DATA
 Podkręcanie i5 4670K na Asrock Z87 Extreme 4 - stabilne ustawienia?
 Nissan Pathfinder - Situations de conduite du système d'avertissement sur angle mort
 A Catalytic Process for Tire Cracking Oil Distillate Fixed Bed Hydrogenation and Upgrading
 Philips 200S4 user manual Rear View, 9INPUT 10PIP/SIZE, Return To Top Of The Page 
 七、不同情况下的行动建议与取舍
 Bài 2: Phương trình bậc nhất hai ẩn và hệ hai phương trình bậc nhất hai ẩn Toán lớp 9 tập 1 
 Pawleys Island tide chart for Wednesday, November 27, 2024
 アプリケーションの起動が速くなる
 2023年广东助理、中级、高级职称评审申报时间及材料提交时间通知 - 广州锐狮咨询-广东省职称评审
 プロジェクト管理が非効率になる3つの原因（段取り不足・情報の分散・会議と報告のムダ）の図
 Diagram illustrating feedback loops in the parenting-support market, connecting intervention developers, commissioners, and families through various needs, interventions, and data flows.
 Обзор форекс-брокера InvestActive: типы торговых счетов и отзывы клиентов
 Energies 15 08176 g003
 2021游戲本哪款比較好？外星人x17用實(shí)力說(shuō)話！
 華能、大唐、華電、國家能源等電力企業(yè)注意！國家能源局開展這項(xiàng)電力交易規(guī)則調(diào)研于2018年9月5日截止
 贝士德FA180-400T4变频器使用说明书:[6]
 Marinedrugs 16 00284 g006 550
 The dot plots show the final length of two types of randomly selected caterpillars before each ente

WHAT IS REQUIRED
The expected result is an exact transcription of the lines from the one containing "Nissan Pathfinder - Situations" through the end of the records above; please include both ends.

REPLY
 Nissan Pathfinder - Situations de conduite du système d'avertissement sur angle mort
 A Catalytic Process for Tire Cracking Oil Distillate Fixed Bed Hydrogenation and Upgrading
 Philips 200S4 user manual Rear View, 9INPUT 10PIP/SIZE, Return To Top Of The Page 
 七、不同情况下的行动建议与取舍
 Bài 2: Phương trình bậc nhất hai ẩn và hệ hai phương trình bậc nhất hai ẩn Toán lớp 9 tập 1 
 Pawleys Island tide chart for Wednesday, November 27, 2024
 アプリケーションの起動が速くなる
 2023年广东助理、中级、高级职称评审申报时间及材料提交时间通知 - 广州锐狮咨询-广东省职称评审
 プロジェクト管理が非効率になる3つの原因（段取り不足・情報の分散・会議と報告のムダ）の図
 Diagram illustrating feedback loops in the parenting-support market, connecting intervention developers, commissioners, and families through various needs, interventions, and data flows.
 Обзор форекс-брокера InvestActive: типы торговых счетов и отзывы клиентов
 Energies 15 08176 g003
 2021游戲本哪款比較好？外星人x17用實(shí)力說(shuō)話！
 華能、大唐、華電、國家能源等電力企業(yè)注意！國家能源局開展這項(xiàng)電力交易規(guī)則調(diào)研于2018年9月5日截止
 贝士德FA180-400T4变频器使用说明书:[6]
 Marinedrugs 16 00284 g006 550
 The dot plots show the final length of two types of randomly selected caterpillars before each ente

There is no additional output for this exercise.